The thorny relationship between the Bauhaus and Nazism

The thorny relationship between the Bauhaus and Nazism

The Bauhaus, the German artistic and architectural movement so identified with the avant-garde and modernism that Adolf Hitler forced him into exile or deportation, also had “collaborators” and even ardent associates of the Nazis. The exhibition, which opened yesterday in Weimar, the school’s birthplace, reveals the links of some of the students who chose to remain in the Third Reich, while teachers such as Josef Albers, Walter Gropius, Laszlo Moholy-Nagy and Ludwig Mies van der Rohe emigrated to the United States. States.
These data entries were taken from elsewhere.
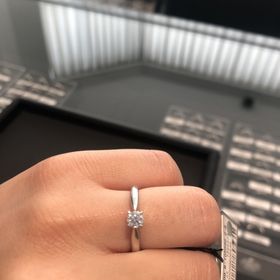 【エクセルコダイヤモンド(EXELCO DIAMOND)の口コミ】 ４本爪のシンプルなエンゲージリングです。
6本爪に比べると、よりシャー…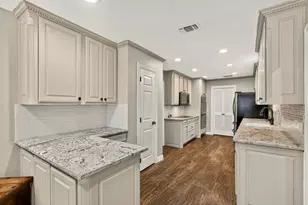 1946 Oakbluff Dr, Carrollton, TX 75007 - Photo 10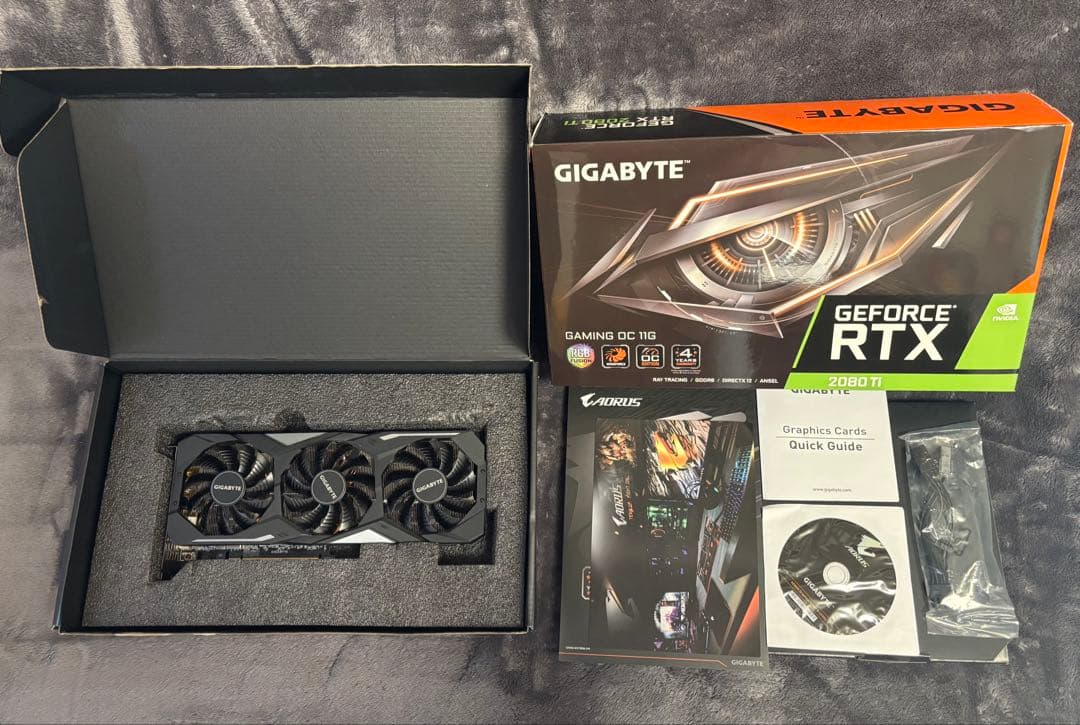 GIGABYTE GeForce RTX 2080 Ti グラフィックボード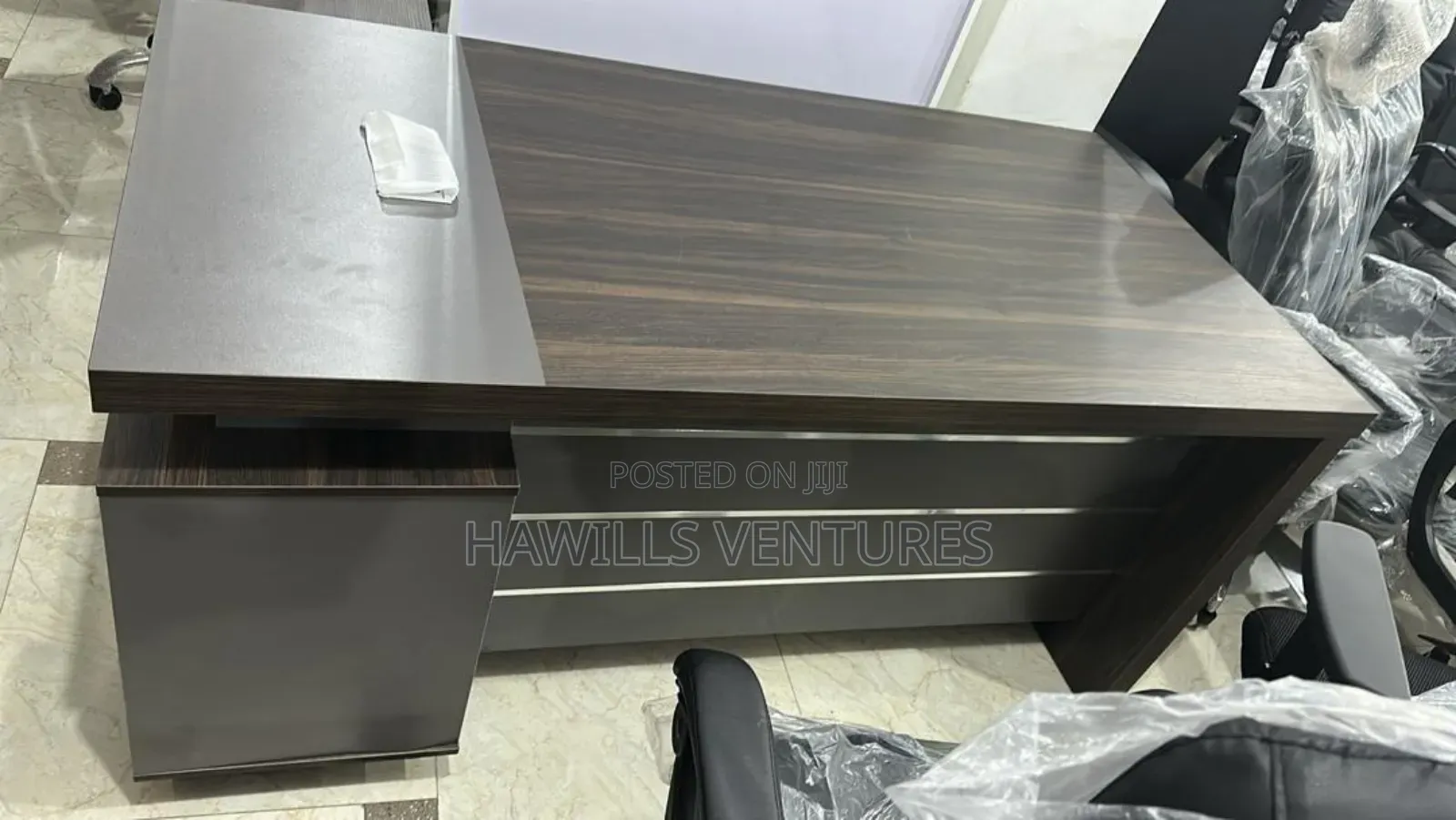 Simple Modern Office Table
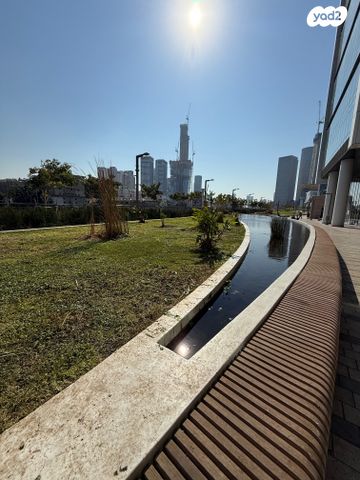 דרך מנחם בגין 158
“The path to be followed after the school was dismantled, in 1933, was not the same for everyone. The lives of those who went into exile are well documented. And so are the lives of those who were deported and died in Auschwitz. But over the years, “little was known About those who collaborated or worked on the design of the so-called concentration camp bathtubs, which are in fact crematoria,” Professor Anke Blom, curator of the Bauhaus and National Socialism exhibition, explains to EL PERIÓDICO.

It is actually three shows – The Political Battle over the Bauhaus, 1919-1933, Outlaws, Confiscated and Modified, 1930-1937 and Vital Presence in Dictatorship, 1933-1945 – spread across three buildings, the New Museum, the Bauhaus Museum and the Schiller Museum. “There’s not enough space in Weimar to hold a lot of material, so we decided to divide it into three,” says Bloom. In all, they collect 450 objects, many of which are on loan from museums in both Europe and the United States, consistent with a school that revolutionized architecture, design and the visual arts.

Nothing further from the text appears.